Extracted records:
----------

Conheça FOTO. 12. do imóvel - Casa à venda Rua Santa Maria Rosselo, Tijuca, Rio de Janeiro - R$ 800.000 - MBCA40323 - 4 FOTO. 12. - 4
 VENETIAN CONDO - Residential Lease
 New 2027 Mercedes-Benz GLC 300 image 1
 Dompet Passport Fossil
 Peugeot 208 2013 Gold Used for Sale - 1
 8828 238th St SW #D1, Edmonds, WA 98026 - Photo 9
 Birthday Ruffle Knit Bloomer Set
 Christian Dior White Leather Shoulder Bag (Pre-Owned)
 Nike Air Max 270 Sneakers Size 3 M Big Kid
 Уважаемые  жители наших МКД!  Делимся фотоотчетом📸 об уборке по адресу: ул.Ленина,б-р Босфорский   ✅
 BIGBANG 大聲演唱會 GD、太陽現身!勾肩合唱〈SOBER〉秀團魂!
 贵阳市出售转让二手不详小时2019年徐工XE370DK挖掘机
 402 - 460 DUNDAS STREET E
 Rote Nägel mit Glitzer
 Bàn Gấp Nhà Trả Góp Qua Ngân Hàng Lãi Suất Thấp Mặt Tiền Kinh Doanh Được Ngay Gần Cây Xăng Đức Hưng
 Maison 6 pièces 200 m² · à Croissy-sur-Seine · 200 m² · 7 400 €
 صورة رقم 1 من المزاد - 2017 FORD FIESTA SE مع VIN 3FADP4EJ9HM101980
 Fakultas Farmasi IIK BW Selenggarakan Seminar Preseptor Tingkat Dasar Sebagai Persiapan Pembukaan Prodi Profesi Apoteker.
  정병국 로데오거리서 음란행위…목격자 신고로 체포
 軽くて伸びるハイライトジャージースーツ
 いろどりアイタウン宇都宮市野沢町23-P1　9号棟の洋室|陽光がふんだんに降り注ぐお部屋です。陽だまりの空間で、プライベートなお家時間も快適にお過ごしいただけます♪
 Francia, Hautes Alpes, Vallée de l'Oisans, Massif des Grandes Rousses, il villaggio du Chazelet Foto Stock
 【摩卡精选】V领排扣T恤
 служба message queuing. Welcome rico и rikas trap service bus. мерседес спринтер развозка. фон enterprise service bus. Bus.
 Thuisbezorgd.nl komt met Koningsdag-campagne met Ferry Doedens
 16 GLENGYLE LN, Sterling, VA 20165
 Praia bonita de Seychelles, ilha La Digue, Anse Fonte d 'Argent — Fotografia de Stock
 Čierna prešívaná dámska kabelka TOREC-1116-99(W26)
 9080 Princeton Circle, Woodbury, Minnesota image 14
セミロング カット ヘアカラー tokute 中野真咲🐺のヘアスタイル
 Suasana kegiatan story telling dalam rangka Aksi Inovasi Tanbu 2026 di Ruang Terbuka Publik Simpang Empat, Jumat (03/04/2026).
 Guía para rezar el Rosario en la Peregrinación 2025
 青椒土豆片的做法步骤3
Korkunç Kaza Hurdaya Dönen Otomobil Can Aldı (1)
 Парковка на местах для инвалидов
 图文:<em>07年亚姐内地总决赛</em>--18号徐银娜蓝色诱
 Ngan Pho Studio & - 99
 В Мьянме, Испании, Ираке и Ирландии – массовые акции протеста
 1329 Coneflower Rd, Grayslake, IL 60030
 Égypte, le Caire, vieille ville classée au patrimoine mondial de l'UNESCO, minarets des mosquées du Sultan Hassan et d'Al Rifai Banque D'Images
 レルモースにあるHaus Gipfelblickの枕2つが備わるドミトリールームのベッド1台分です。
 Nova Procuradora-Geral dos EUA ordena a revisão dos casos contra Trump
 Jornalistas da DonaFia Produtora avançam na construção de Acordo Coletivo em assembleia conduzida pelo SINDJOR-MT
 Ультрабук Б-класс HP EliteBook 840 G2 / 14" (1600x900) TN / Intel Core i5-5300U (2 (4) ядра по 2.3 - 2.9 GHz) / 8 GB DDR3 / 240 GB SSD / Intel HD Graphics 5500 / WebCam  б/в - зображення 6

----------

__Exercise prompt__. Your answer must consist of every line above, reproduced exactly.

__Task response__.
Conheça FOTO. 12. do imóvel - Casa à venda Rua Santa Maria Rosselo, Tijuca, Rio de Janeiro - R$ 800.000 - MBCA40323 - 4 FOTO. 12. - 4
 VENETIAN CONDO - Residential Lease
 New 2027 Mercedes-Benz GLC 300 image 1
 Dompet Passport Fossil
 Peugeot 208 2013 Gold Used for Sale - 1
 8828 238th St SW #D1, Edmonds, WA 98026 - Photo 9
 Birthday Ruffle Knit Bloomer Set
 Christian Dior White Leather Shoulder Bag (Pre-Owned)
 Nike Air Max 270 Sneakers Size 3 M Big Kid
 Уважаемые  жители наших МКД!  Делимся фотоотчетом📸 об уборке по адресу: ул.Ленина,б-р Босфорский   ✅
 BIGBANG 大聲演唱會 GD、太陽現身!勾肩合唱〈SOBER〉秀團魂!
 贵阳市出售转让二手不详小时2019年徐工XE370DK挖掘机
 402 - 460 DUNDAS STREET E
 Rote Nägel mit Glitzer
 Bàn Gấp Nhà Trả Góp Qua Ngân Hàng Lãi Suất Thấp Mặt Tiền Kinh Doanh Được Ngay Gần Cây Xăng Đức Hưng
 Maison 6 pièces 200 m² · à Croissy-sur-Seine · 200 m² · 7 400 €
 صورة رقم 1 من المزاد - 2017 FORD FIESTA SE مع VIN 3FADP4EJ9HM101980
 Fakultas Farmasi IIK BW Selenggarakan Seminar Preseptor Tingkat Dasar Sebagai Persiapan Pembukaan Prodi Profesi Apoteker.
  정병국 로데오거리서 음란행위…목격자 신고로 체포
 軽くて伸びるハイライトジャージースーツ
 いろどりアイタウン宇都宮市野沢町23-P1　9号棟の洋室|陽光がふんだんに降り注ぐお部屋です。陽だまりの空間で、プライベートなお家時間も快適にお過ごしいただけます♪
 Francia, Hautes Alpes, Vallée de l'Oisans, Massif des Grandes Rousses, il villaggio du Chazelet Foto Stock
 【摩卡精选】V领排扣T恤
 служба message queuing. Welcome rico и rikas trap service bus. мерседес спринтер развозка. фон enterprise service bus. Bus.
 Thuisbezorgd.nl komt met Koningsdag-campagne met Ferry Doedens
 16 GLENGYLE LN, Sterling, VA 20165
 Praia bonita de Seychelles, ilha La Digue, Anse Fonte d 'Argent — Fotografia de Stock
 Čierna prešívaná dámska kabelka TOREC-1116-99(W26)
 9080 Princeton Circle, Woodbury, Minnesota image 14
セミロング カット ヘアカラー tokute 中野真咲🐺のヘアスタイル
 Suasana kegiatan story telling dalam rangka Aksi Inovasi Tanbu 2026 di Ruang Terbuka Publik Simpang Empat, Jumat (03/04/2026).
 Guía para rezar el Rosario en la Peregrinación 2025
 青椒土豆片的做法步骤3
Korkunç Kaza Hurdaya Dönen Otomobil Can Aldı (1)
 Парковка на местах для инвалидов
 图文:<em>07年亚姐内地总决赛</em>--18号徐银娜蓝色诱
 Ngan Pho Studio & - 99
 В Мьянме, Испании, Ираке и Ирландии – массовые акции протеста
 1329 Coneflower Rd, Grayslake, IL 60030
 Égypte, le Caire, vieille ville classée au patrimoine mondial de l'UNESCO, minarets des mosquées du Sultan Hassan et d'Al Rifai Banque D'Images
 レルモースにあるHaus Gipfelblickの枕2つが備わるドミトリールームのベッド1台分です。
 Nova Procuradora-Geral dos EUA ordena a revisão dos casos contra Trump
 Jornalistas da DonaFia Produtora avançam na construção de Acordo Coletivo em assembleia conduzida pelo SINDJOR-MT
 Ультрабук Б-класс HP EliteBook 840 G2 / 14" (1600x900) TN / Intel Core i5-5300U (2 (4) ядра по 2.3 - 2.9 GHz) / 8 GB DDR3 / 240 GB SSD / Intel HD Graphics 5500 / WebCam  б/в - зображення 6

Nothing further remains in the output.